Me Romdane souligne par ailleurs que cet article serait aussi inconventionnel en ce qu’il violerait l’article 8 de la Convention européenne des droits de l’homme qui érige notamment le droit à la vie privée en droit fondamental.

Me Benkoussa reconnait qu’il peut y avoir matière à débat juridique, mais toujours est-il que les arguments des deux avocats ont été entendus par le tribunal correctionnel de Reims, qui a ordonné la remise en liberté immédiate des deux prévenus, sans aucune forme de contrôle ou d’interdiction de sortie du territoire. Bien évidemment, faut-il le préciser, sans la drogue, car saisie illégale ou pas, la cocaïne n’en est pas moins un produit prohibé.

D’après les avocats, le parquet, que nous n’avons pas réussi à joindre, a décidé de faire appel de cette décision. Un appel de principe puisque, comme soulignent les douaniers, quelle qu’en soit l’issue, les chances de remettre la main si nécessaire sur les deux mis en cause sont extrêmement minces !

Si Me Benkoussa insiste sur le fait qu’il est important que les agents des douanes respectent scrupuleusement la loi, il n’en reconnait pas moins que le flou actuel est préoccupant dans la mesure où, si en l’espèce, il ne s’agissait que d’une saisie de cocaïne relativement modeste, le problème aurait été le même pour de beaucoup plus grosses quantités ou des armes…

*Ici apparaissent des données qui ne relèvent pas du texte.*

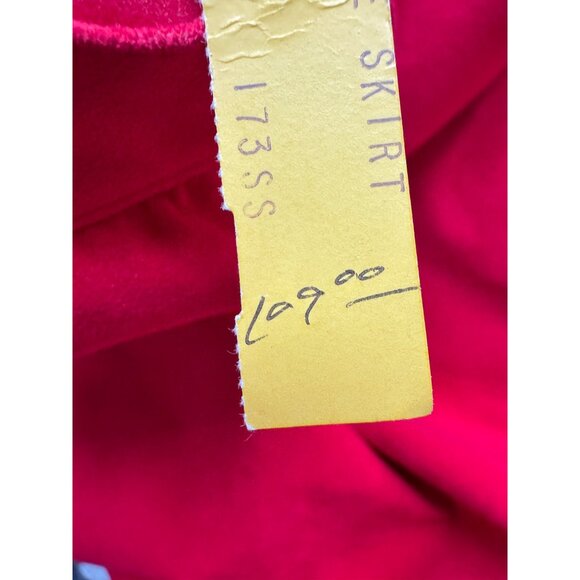 Vintage Red Ultrasuede Skirt Elastic Waist Knee-Length A-Line Side Slit Womens - Picture 5 of 5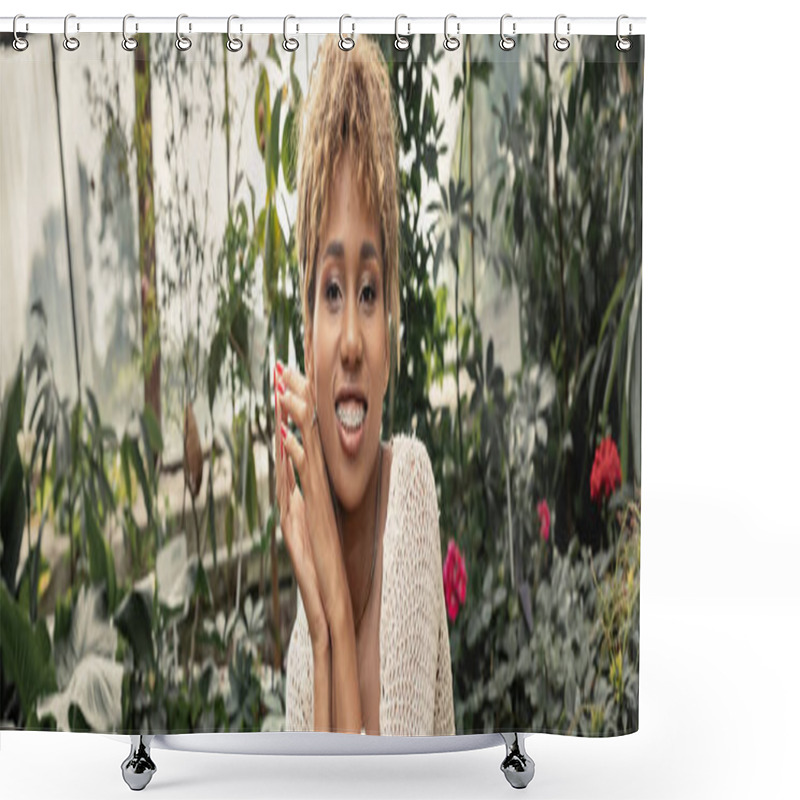 Personality  Cheerful Young African American Woman With Braces In Summer Knitted Top Looking At Camera While Spending Time In Blurred Orangey, Fashion-forward Lady In Midst Of Tropical Greenery, Banner  Shower Curtains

Les conséquences éventuellement désastreuses du vide laissé par la déclaration d'inconstitutionnalité de l’article 60 du Code des douanes n’a pas échappé à la sénatrice LR Catherine Dumas qui, dès le 6 octobre 2022, saisissait le gouvernement du problème par une question écrite dans laquelle elle rappelait que  « l'article 60 du Code des douanes constitue la colonne vertébrale des agents des douanes car il les autorise à procéder à la visite des marchandises, des moyens de transport et des personnes en vue de la recherche de fraudes douanières. » L’élue soulignait que la décision du Conseil constitutionnel impacterait « considérablement le quotidien des agents des douanes pour maintenir la sécurité et le maintien de l'ordre public » et que l’article 60 du Code des douanes « est essentiel pour assurer la sécurité de l'ensemble des citoyens sur le sol français et que l'une des missions de la douane est de lutter contre les trafics, la criminalité organisée et le financement du terrorisme ». Elle insistait aussi sur le fait que « la douane assure plus de 80 % des saisies de stupéfiants et 100 % des saisies de tabac » et que par ailleurs, « les fouilles permises par l'article 60 du Code des douanes a permis de lutter contre le terrorisme ces dernières années ».

Catherine Dumas concluait sa question écrite en demandant au gouvernement quelles étaient les pistes que ce dernier envisageait « pour redonner aux agents des douanes les pouvoirs indispensables au bon exercice de leurs fonctions ». 

L'assistant de Catherine Dumas nous affirme que la sénatrice n'a, à ce jour, pas reçu de réponse à sa question écrite.